First, they were small things, like the words “and Sons” missing from our homeowner association’s name. And the outdoor dining area of my favorite restaurant moving to another side of the building. After those, I hid these revelations from my wife. She was beginning to worry about my mental state. Not one to stop and figure out a problem, I feared she would put me in a nursing home.
I called my brother Saul. He was less suspicious than my wife. He’d try to figure out why I misremembered something. Still, I hesitated telling him everything I was experiencing.
“Did we ever have a Yorkie named Butterscotch?” I asked him soon into our daily conversation.

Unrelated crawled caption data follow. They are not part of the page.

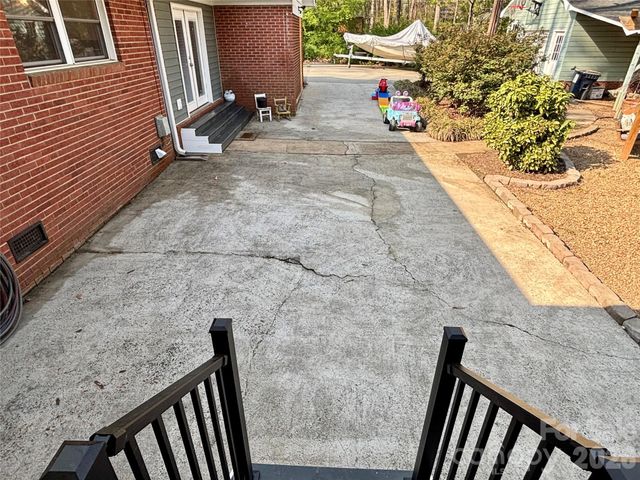 109 Green Acres Road, Mount Holly, NC 28120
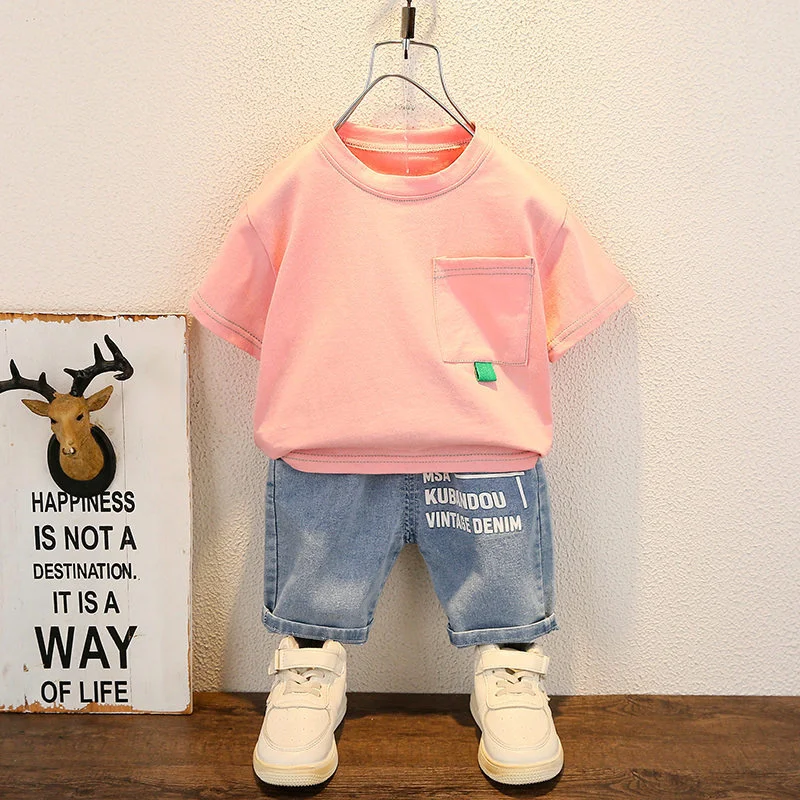 Detalle de la camiseta infantil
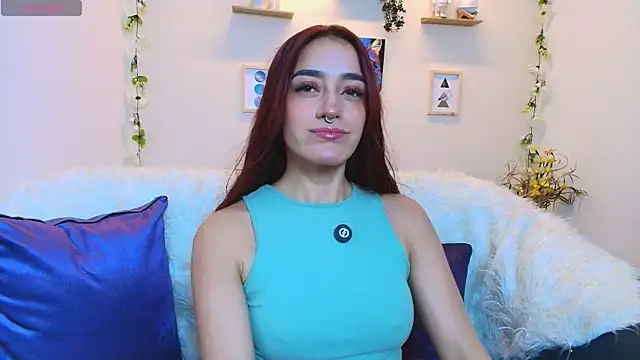 Snapshot of ViolethRosse chatting on 05.05.26 ViolethRosse online show from 05.05.26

“We never had any dogs,” he reminded me without judgement in his voice. “Mom was allergic. Maybe you’re thinking about a pet in the old neighborhood.”
“That’s it,” I lied.
I knew for sure Butterscotch sat on my lap while I spoke with Saul yesterday.
The next day, I was flipping through the channels trying to find our soap, Loves of My Life. It was on channel five at two. But now there was a name of a talk show I didn’t recognize.
“What are you doing?” my wife snapped at me. “We’re going to miss The Proud and the Powerful.”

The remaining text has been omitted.